Art. 27. Requisitar instauração ou instaurar procedimento investigatório de infração penal ou administrativa, em desfavor de alguém, à falta de qualquer indício da prática de crime, de ilícito funcional ou de infração administrativa:
Pena - detenção, de 6 (seis) meses a 2 (dois) anos, e multa.
Parágrafo único. Não há crime quando se tratar de sindicância ou investigação preliminar sumária, devidamente justificada.
O delito em tablado é de natureza própria, logo, somente pode ser imputado ao agente público, servidor ou não, da administração direta, indireta ou fundacional de qualquer dos Poderes da União, dos Estados, do Distrito Federal, dos Municípios e de Território que tenha atribuição de requisitar ou instaurar procedimento investigatório de infração penal ou administrativa.
Para a configuração deste crime, o elemento subjetivo reclama dolo direto, acrescido do elemento subjetivo específico de “prejudicar outrem ou beneficiar a si mesmo ou a terceiro, ou, ainda, por mero capricho ou satisfação pessoal”. Pensamos que o dolo eventual tem sua abrangência praticamente inexistente, tendo em vista as especificidades do dolo específico (art. 1º, §1º). Ademais, a punição da modalidade culposa é inviável já que carece de previsão legal.
Os núcleos verbais são requisitar instauração ou instaurar. Requisitar é exigir formalmente, demandar, requerer a instauração. Instaurar é dar início a (algo que não existia); introduzir, implantar, instalar.
Devemos entender por procedimento investigatório de infração penal ou administrativa, como por exemplo, o inquérito policial (para apurar a prática de crimes), termo circunstanciado (para apurar contravenções penais e crimes que não ultrapassem a pena máxima de dois anos), ou processo administrativo disciplinar, respectivamente. Outrossim, quanto ao procedimento investigatório de infração penal, temos que ter em mente que o inquérito policial e o termo circunstanciado de ocorrência são procedimentos que permitem angariar elementos informativos, e até mesmo provas, para descortinar a autoria e materialidade delitiva (lembrando da função bidirecional preparatória e preservadora dos procedimentos policiais).

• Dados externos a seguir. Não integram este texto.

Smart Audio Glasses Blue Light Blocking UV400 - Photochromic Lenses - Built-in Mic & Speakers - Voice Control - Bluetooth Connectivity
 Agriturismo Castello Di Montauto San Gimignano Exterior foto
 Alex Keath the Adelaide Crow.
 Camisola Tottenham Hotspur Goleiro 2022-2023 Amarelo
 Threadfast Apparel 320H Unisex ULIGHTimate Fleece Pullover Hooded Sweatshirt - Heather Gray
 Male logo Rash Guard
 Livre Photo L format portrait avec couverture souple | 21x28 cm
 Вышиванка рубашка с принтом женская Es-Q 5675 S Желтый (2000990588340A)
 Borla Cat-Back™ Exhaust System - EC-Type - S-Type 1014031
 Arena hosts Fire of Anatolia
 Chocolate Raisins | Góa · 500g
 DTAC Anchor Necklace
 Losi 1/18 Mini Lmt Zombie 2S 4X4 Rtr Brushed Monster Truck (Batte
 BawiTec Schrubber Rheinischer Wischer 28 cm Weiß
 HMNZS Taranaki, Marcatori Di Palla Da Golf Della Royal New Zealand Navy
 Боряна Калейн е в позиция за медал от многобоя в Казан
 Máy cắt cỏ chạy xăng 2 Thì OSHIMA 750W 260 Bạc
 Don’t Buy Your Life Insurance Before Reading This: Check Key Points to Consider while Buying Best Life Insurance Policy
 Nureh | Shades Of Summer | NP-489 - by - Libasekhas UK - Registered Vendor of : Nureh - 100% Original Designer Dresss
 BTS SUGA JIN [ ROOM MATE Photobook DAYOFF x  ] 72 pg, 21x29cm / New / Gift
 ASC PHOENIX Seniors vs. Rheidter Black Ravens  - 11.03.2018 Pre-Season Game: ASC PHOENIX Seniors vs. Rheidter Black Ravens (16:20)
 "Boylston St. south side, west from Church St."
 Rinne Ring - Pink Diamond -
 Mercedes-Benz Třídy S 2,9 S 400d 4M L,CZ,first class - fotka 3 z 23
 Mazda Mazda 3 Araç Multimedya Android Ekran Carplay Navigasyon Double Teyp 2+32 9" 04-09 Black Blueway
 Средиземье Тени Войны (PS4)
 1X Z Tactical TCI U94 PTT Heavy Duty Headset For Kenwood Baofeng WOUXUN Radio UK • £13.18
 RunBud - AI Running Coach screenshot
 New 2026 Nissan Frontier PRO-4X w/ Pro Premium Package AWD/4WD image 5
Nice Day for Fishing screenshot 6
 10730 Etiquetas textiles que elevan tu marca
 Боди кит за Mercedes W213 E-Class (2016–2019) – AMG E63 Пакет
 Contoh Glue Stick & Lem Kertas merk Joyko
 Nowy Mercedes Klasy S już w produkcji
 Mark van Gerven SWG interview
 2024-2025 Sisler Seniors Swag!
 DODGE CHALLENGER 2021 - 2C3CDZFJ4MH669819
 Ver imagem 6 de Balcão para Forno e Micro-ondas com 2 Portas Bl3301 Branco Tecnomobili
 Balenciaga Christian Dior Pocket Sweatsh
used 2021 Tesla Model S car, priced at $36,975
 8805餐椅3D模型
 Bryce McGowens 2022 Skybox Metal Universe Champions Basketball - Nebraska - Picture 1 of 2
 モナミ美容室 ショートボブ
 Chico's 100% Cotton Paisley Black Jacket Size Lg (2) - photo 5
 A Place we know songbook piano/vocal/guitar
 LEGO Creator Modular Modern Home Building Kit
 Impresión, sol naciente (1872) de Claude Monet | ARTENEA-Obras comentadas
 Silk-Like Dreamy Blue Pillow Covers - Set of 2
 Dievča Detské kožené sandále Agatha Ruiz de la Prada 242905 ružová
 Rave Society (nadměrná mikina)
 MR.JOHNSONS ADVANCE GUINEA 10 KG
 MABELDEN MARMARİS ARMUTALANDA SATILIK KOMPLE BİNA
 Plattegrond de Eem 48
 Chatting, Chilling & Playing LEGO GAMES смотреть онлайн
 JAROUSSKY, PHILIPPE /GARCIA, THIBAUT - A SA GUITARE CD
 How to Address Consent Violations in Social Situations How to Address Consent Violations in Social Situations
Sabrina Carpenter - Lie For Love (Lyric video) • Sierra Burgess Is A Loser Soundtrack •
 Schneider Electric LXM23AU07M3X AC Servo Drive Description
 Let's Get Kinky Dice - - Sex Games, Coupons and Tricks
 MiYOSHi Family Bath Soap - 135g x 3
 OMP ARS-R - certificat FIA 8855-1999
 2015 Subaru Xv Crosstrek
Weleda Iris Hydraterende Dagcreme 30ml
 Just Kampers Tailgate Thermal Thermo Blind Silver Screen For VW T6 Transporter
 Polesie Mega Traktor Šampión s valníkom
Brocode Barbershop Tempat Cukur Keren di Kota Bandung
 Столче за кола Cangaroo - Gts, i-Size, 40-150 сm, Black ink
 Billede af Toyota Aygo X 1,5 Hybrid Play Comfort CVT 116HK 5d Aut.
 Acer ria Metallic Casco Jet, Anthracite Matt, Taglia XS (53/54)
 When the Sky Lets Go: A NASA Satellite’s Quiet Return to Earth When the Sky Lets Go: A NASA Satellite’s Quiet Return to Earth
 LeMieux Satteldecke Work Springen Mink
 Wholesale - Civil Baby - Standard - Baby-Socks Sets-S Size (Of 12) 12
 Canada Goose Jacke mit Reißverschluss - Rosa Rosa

Nesta senda, no que se refere ao inquérito policial define-se na conjugação de atos perpetrados pela função executiva do Estado com o propósito de aquilatar a autoria e materialidade de uma infração penal.Guilherme de Souza Nucci define inquérito policialda seguinte forma:
“O inquérito policial é um procedimento preparatório da ação penal, de caráter administrativo, conduzido pela polícia judiciária e voltado à colheita preliminar de provas para apurar a prática de uma infração penal e sua autoria. Seu objetivo precípuo é a formação da convicção do representante do Ministério Público, mas também a colheita de provas urgentes, que podem desaparecer, após o cometimento do crime. Não podemos olvidar, ainda, que o inquérito serve à composição das indispensáveis provas pré-constituídas que servem de base à vítima, em determinados casos, para a propositura da ação penal privada.” (NUCCI, Guilherme de Souza. Manual de Processo Penal e Execução Penal. 5 ed. São Paulo: Revista dos Tribunais, 2008. p. 143).
Procedimento de Investigação Criminal (PIC)
Entra nesta discussão, o Procedimento de Investigação Criminal (PIC) levado à cabo pelo Ministério Público. Constitucionalmente falando, a tarefa de investigar cabe tão somente às Polícias Judiciárias. Todavia, o STF por meio da aplicação às avessas da Teoria dos Poderes Implícitos, acabou por entender que o Ministério Público poderia concentrar a tarefa de investigar.
Deste modo, calcado no entendimento do STF, o “PIC” procedimentalizado pelo Ministério Público, entre outros atos inerentes, ao procedimento de investigação poderia estar abrangido pela nova Lei de Abuso de Autoridade.
Causa excludente da ilicitude
O legislador ordinário inseriu uma causa excludente da ilicitude, em que não haverá crime quando se tratar de sindicância ou investigação preliminar sumária, devidamente justificada.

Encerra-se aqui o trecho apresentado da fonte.